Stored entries
--------------------------------------------------

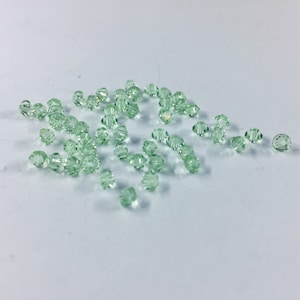 Chrysolite 3mm Bicone SWAROVSKI® Crystal Beads #5301 package of 50. Light Pastel Green color Genuine Austrian Crystal. Bulk. #5328.
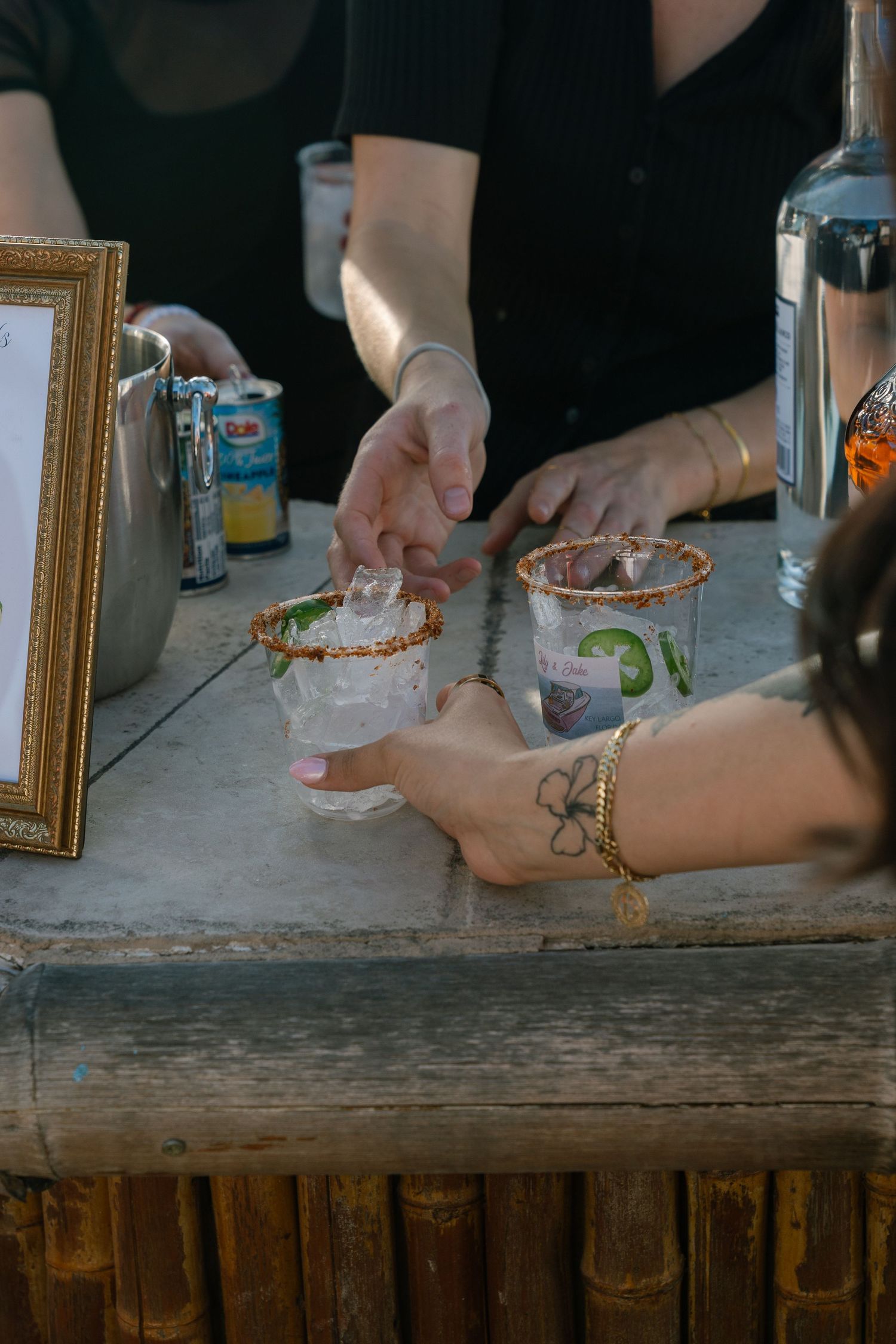 Bartender serving two salted rim cocktail glasses with lime garnish on a rustic wooden bar counter.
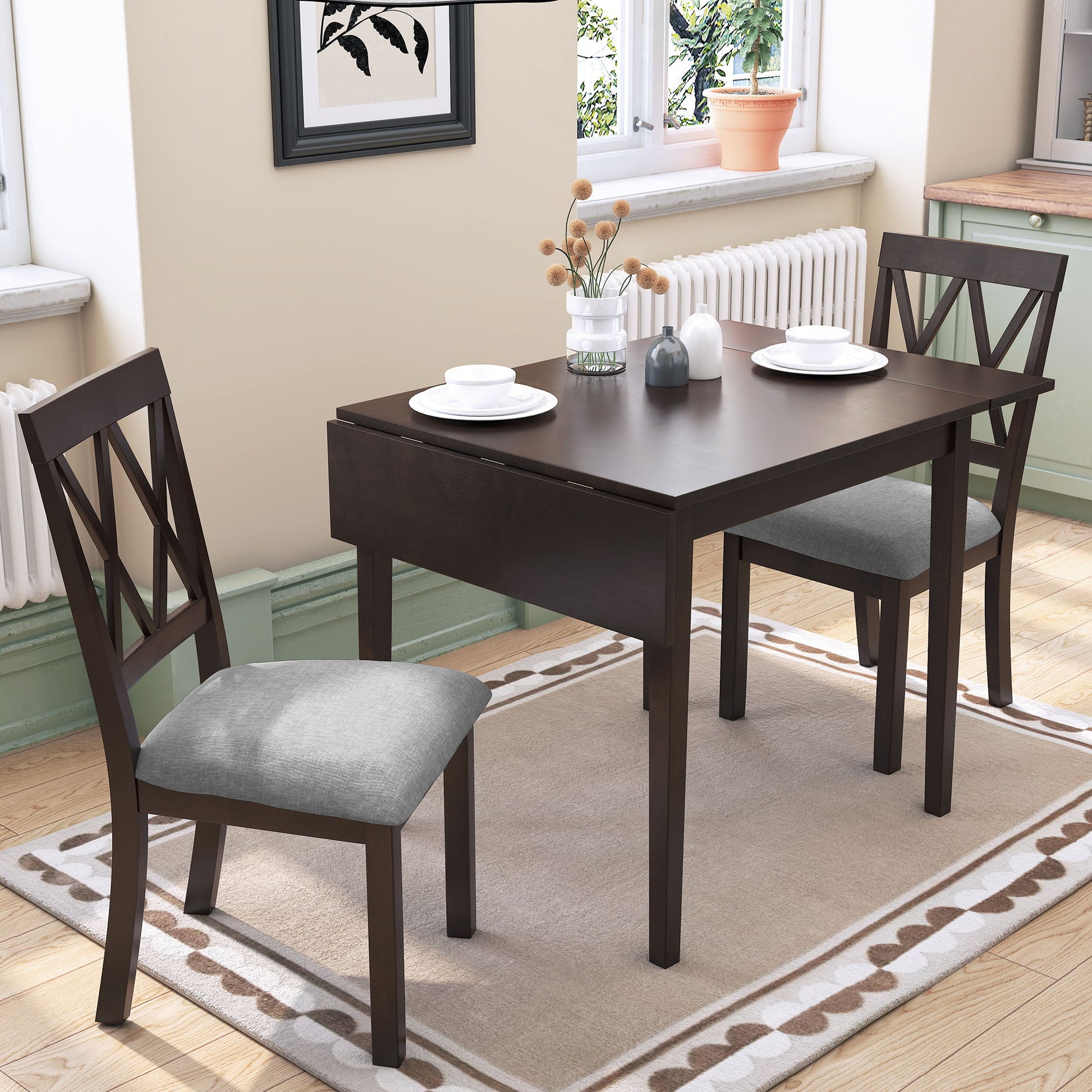 The 3 Piece Kitchen Dining Set features a drop-leaf table and two upholstered chairs, perfect for small spaces. Styled with white plates and dried flowers, the set sits on a beige rug in a bright room with window and framed artwork.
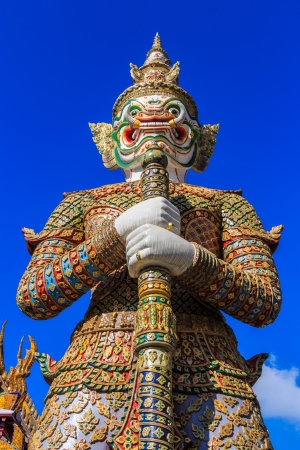 The statue of giant hold club and blue sky in Wat Phra Kaew ,Thailand   Antの写真素材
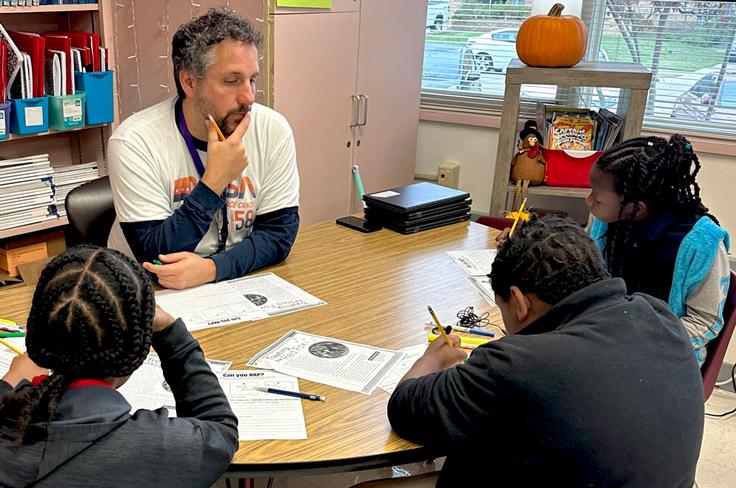 A teacher watches his students answer a question as they all work together on a group table assignment.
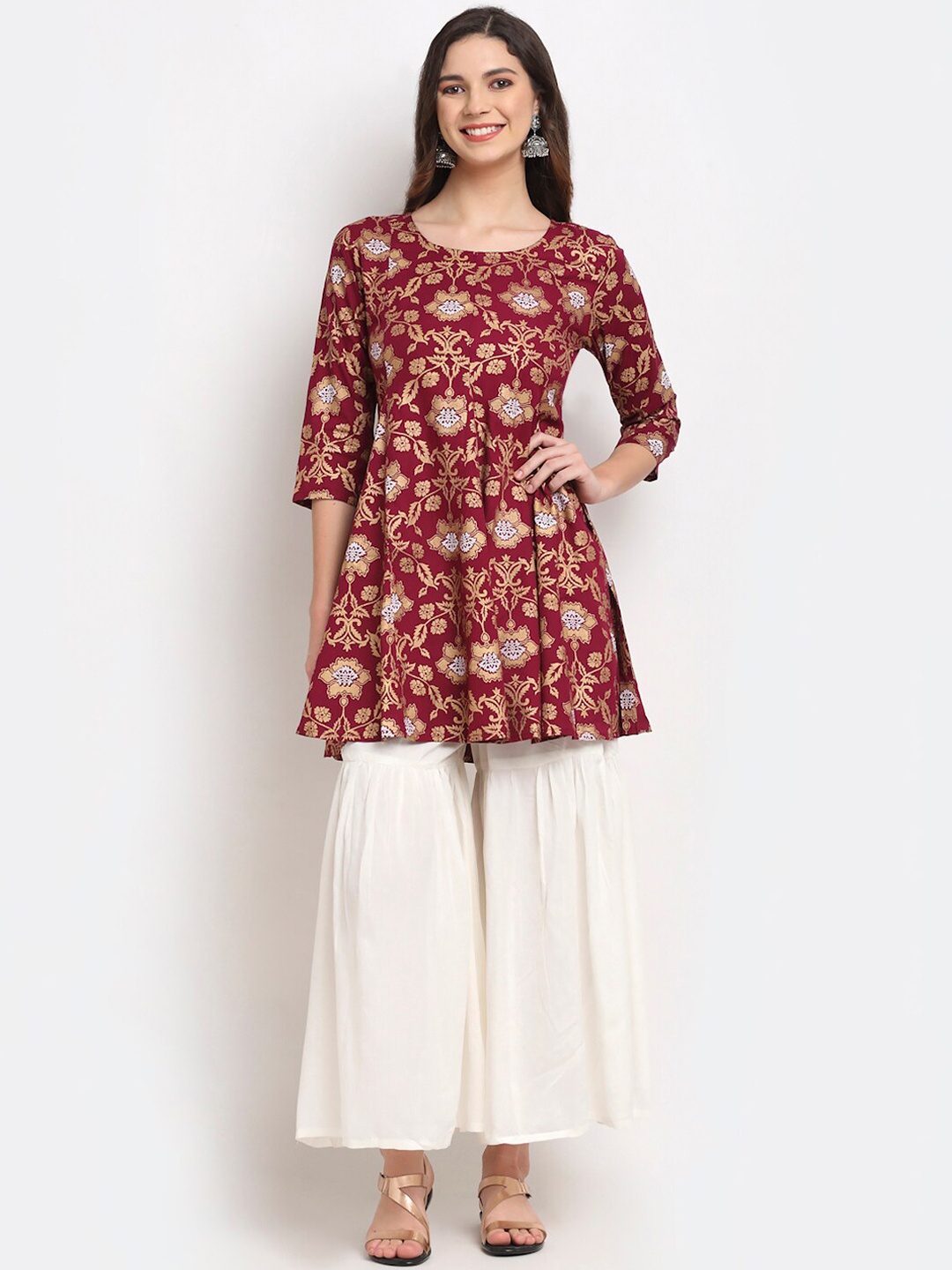 

Rudra Bazaar Women Maroon Floral Printed Empire Kurta with Sharara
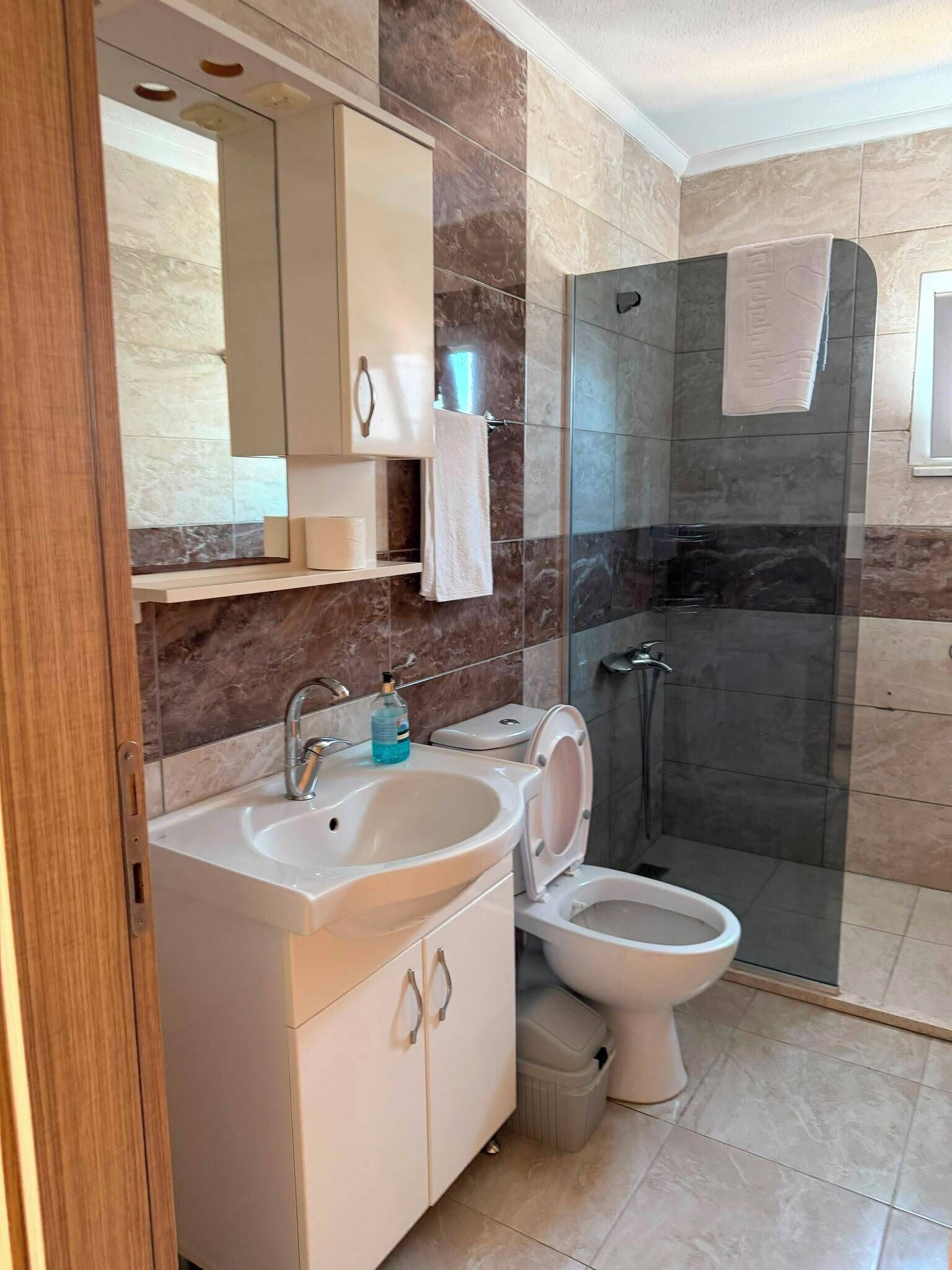 Une salle de bain moderne avec une douche à parois de verre, des toilettes et un lavabo avec un miroir au-dessus.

--------------------------------------------------

_WHAT THE EXERCISE ASKS:_
Would you copy out the data exactly, leaving every picture out?

_RESPONSE FOR THIS EXERCISE:_
 Chrysolite 3mm Bicone SWAROVSKI® Crystal Beads #5301 package of 50. Light Pastel Green color Genuine Austrian Crystal. Bulk. #5328.
 Bartender serving two salted rim cocktail glasses with lime garnish on a rustic wooden bar counter.
 The 3 Piece Kitchen Dining Set features a drop-leaf table and two upholstered chairs, perfect for small spaces. Styled with white plates and dried flowers, the set sits on a beige rug in a bright room with window and framed artwork.
 The statue of giant hold club and blue sky in Wat Phra Kaew ,Thailand   Antの写真素材
 A teacher watches his students answer a question as they all work together on a group table assignment.

Rudra Bazaar Women Maroon Floral Printed Empire Kurta with Sharara
 Une salle de bain moderne avec une douche à parois de verre, des toilettes et un lavabo avec un miroir au-dessus.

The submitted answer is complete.